Sie will es so, zugegeben. Sie möchte unvernünftig sein und
ihre Liebe durch Risikobereitschaft und Hingabe beweisen. Außerdem
ist sie die Erzählerin, daher ist es nicht verwunderlich, dass sie
schildert, was sie alles gegeben hat für diese Liebe und noch bereit
war zu geben. Vielleicht waren ihre Gespräche ja viel themenreicher,
als sie aufgeschrieben hat, vielleicht erzählt sie nur über
seine Welt, weil sie so sehr daran teilnimmt, dass sie die eigene vergisst?
Sie schreibt sich schließlich ihre Trauer von der Seele, da darf
man keinen nüchternen Bericht oder eine ausgewogene Erzählung
erwarten.
Nicht jedes Happy End befriedigt, meistens soll es das auch gar nicht.
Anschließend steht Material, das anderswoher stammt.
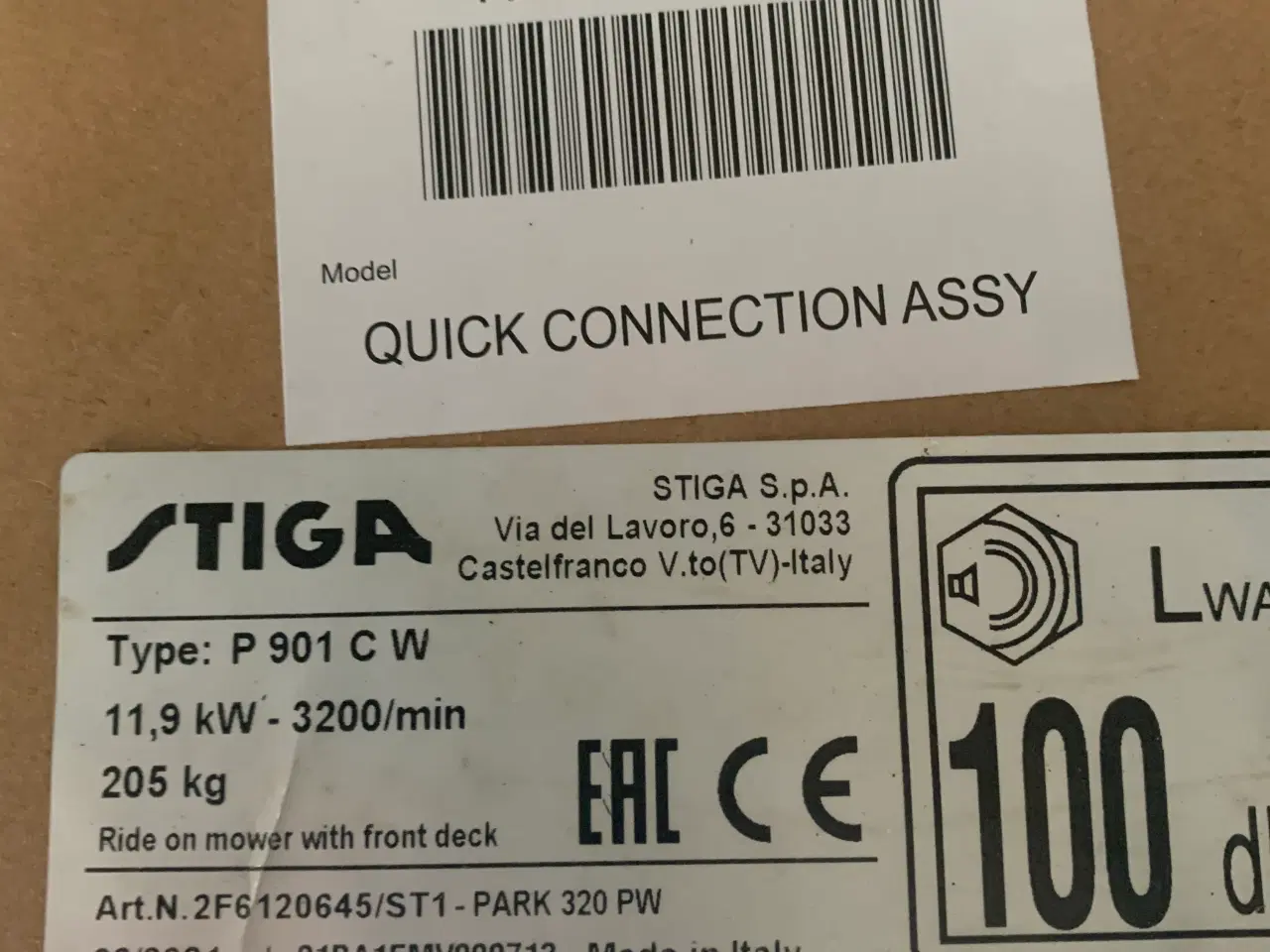 Billede 1 - stiga park 320 pw st 550 twin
Dieses Happy End soll, aber kann nicht. Die Figuren handeln zu geradlinig:
Pilar beschließt, ihre andere Seite - Vernunft, Sicherheitsbestreben,
Realitätssinn - zu ignorieren. So einfach ist das. Doch wie lange
lässt sich die eigene Persönlichkeit verleugnen? Ihr Freund
steht kurz vor der Priesterweihe und verzichtet auf sein Berufsziel und
seine Gabe. Ist das Thema für ihn erledigt? Liebe macht blind, sagt
man, aber ist es nicht eher die Verliebtheit, die das bewirkt? Dieses
Happy End macht keinen Mut; schon der erste Konflikt endet fast tödlich.